Review: National Theatre Live: The Deep Blue Sea (2016)

In post-WWII London, Hester Collyer (Helen McCrory) is the wife of a barrister-turned-high court judge. But she wouldn’t say as much. She couldn’t say so, given her present circumstances – holed up in a dingy apartment and sunken into a tempestuous and secretive affair with former star test-pilot Freddie (Tom Burke). For all its pleasures, it is an intense love that arguably has done no favours for either of them, and Sir William Collyer (Peter Sullivan), Hester’s estranged husband, is at pains to understand how things went wrong between them.

At the time we meet Hester, her and Freddie’s chemistry is turning parasitic. Freddie seeks solace in a bottle for a life now as aimless as it was exciting up until 1945. For Hester, life has taken a turn into a one-way no-through road, and this is why she has decided to end it all by the gas fire – a gambit that backfires when her neighbours discover her.the-deep-blue-sea-poster

This National Theatre production of The Deep Blue Sea, Terence Rattigan’s tragic masterpiece on post-war Britain here directed by Carrie Cracknell, is a stunning achievement. It would be all too easy to relegate Rattigan’s play into the category of misery porn, centring on a failed love affair that left a middle-aged woman on the brink of destruction. However, Cracknell’s result is not an exploitation but rather a nuanced portrait of a fractured community, wherein Hester is shackled by an expectation of the role society feels she must play. This approach is aided by an interesting decision to enhance the size of the set past the confines of the apartment, rendering the walls translucent and allowing an insight into the world Hester is relegated to and the lives of her neighbours. It might also reveal a little of the concern she has for her anonymity. At times the vast space detracts from the claustrophobic nature of the apartment and its inhabitants, but that is a minor qualm.
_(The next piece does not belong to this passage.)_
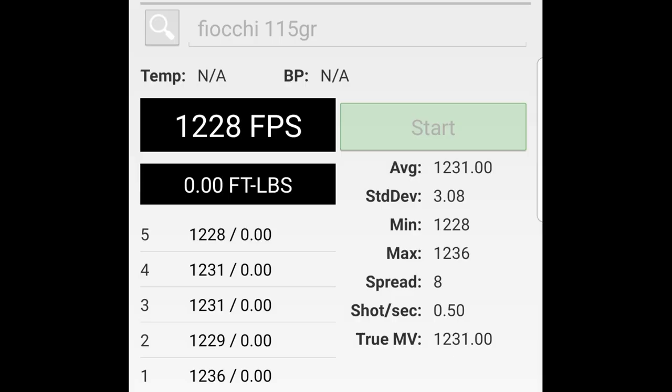The 5-shot average velocity from the CZ was 1,231 feet per second, coming to an average static energy of 387 foot-pounds or 525 joules. Let's watch and see how it performs.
The obvious stand-out here is the performance of McCrory, who brings her full range to bear in a famously complex and often witty role. The supporting cast is no less impressive in fleshing out characters with all the wills and desires and faults that one would expect of a lead. Sir William straddles the line between rage, guardianship and infatuation as he maintains an arms-length concern for his one-time confidant. The more enigmatic Freddie, on the other hand, lives in bitter realisation of the oblivion that has greeted him since the world laid arms to rest, rendering his services useless. The biggest revelation, though, comes in the form of Mr Miller (Nick Fletcher), a former doctor guarding a troubled history and with whom Hester finds an unlikely friendship.

In the world that Rattigan creates, no-one is completely good just as no-one is pointlessly callous. These are just people lacking the right words to say to each other. So when the right words finally do come, it is a moment to cherish.

National Theatre Live’s The Deep Blue Sea is in cinemas from 8th October through Sharmill Films.